DeNA今永昇太投手(22)が球団の新人記録を樹立した。オリックス戦に先発し、6回を投げ被安打3、無失点で5勝目をマーク。プロ初勝利を挙げた5月6日広島戦から5連勝だ。球団の新人では82年の金沢次男以来の5連勝となり、左腕では初の快挙となった。勝ち負けが付かなかった前回登板の4日ロッテ戦では3回5失点で降板。汚名返上のマウンドで結果を示した。

 緊張でこわばるはずのマウンドで思い切り腕が振れた。今永は普段よりも変化球を多投し、爆発力を秘めるオリックス打線を寸断し続けた。「(試合前は)今日が一番、緊張した。今までで一番不安でしたが、初回に5点も取ってもらったので重圧が少ない中で投げさせてもらった」。1回に味方打線から大量5点の援護をもらったことを真っ先に感謝した。

 プロ1年目で開幕ローテを勝ち取り、11戦目の登板だった。アマ時代には経験がない長いペナントレース。蓄積疲労、体調管理が難しい時期に突入してきた。空振りが減り、奪った三振は3。「無駄な欲は消した」と開幕当初のような直球は鳴りを潜めたが、すきは与えない。同時に「パ・リーグの打線はポイントが前。より抜くか、より押すかのどっちか」と100キロ前後のカーブを増やし、変化球を効果的に織り交ぜた。

 何よりも自分自身の投球フォームを強く意識した。3回5失点に沈んだ4日ロッテ戦後に木塚投手コーチからのアドバイスでシャドーピッチングを取り入れた。「キャンプ中は毎日やっていた。ボールを使わずに調整することも大事。その感覚を忘れていた」と原点を思い起こした。この日の試合後も次回登板に向けて敢行。「横振りじゃなくて、腕を縦振って、指にかかって抜けてくれた」と変化球のキレが戻った。

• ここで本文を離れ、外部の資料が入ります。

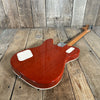 SOLD - Fender Troublemaker Telecaster Deluxe Parallel Universe Limited Edition 2018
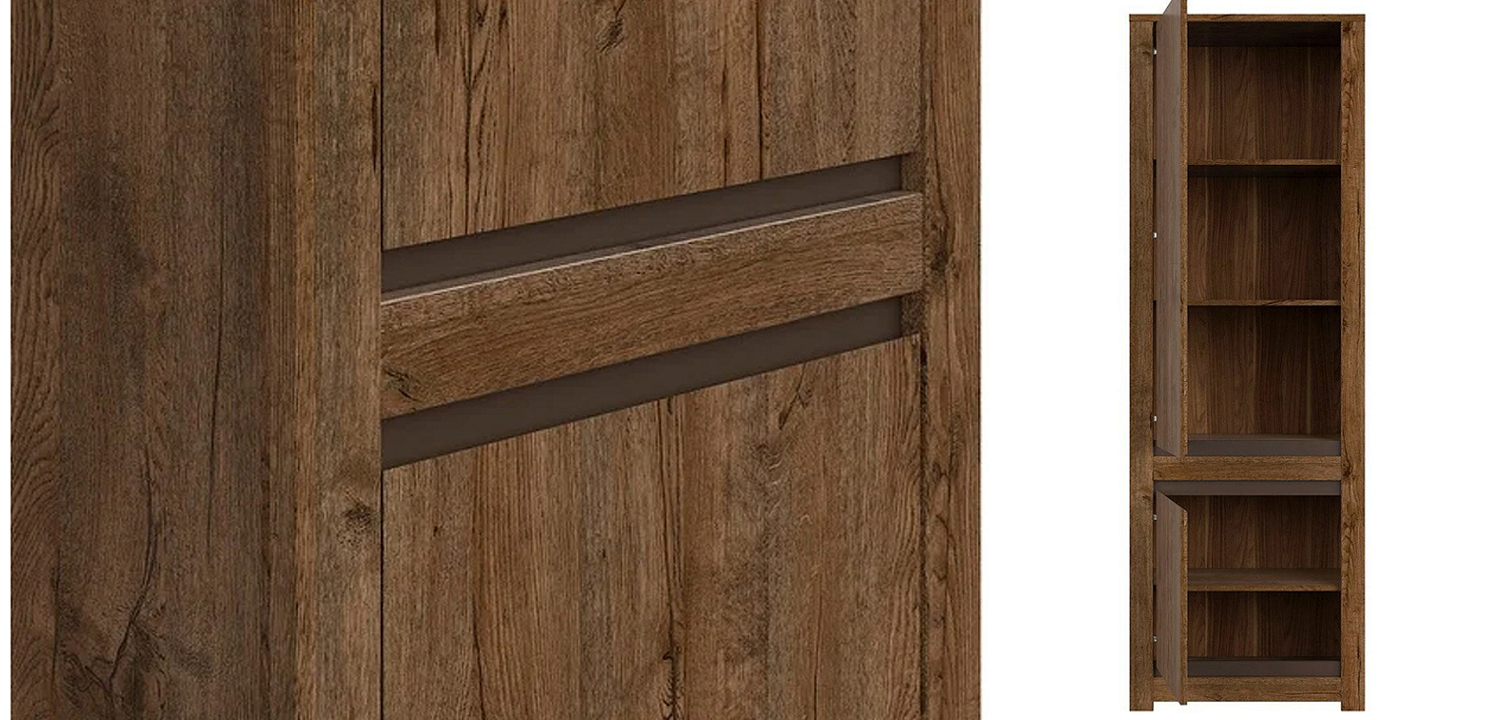Шкаф Helga Wardrobe Шкаф Helga Wardrobe - Loft-Concept в Перми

 石田に並ぶチーム最多タイの5勝目で自身の連勝も5に伸ばした。今永は白星先行、チームも勝率5割復帰を果たした。3連敗からの連勝。新人左腕が再びチームに息を吹き込んだ。【為田聡史】

 ▼今永が5月6日広島戦から5連勝。新人の5連勝は15年高橋光(西武)高木勇(巨人)以来だが、DeNAでは82年金沢次男に次いで、34年ぶり2人目の球団タイ記録。金沢はすべての白星を救援でマークしており、先発では今永が初めて。今永は開幕4連敗中、援護点(登板中の味方の得点)が9回平均で0・50点しかなかったが、5連勝中は同4・97点と約10倍増。今季勝利打点が5度の筒香が、今永の登板日に4V打と強力に援護している。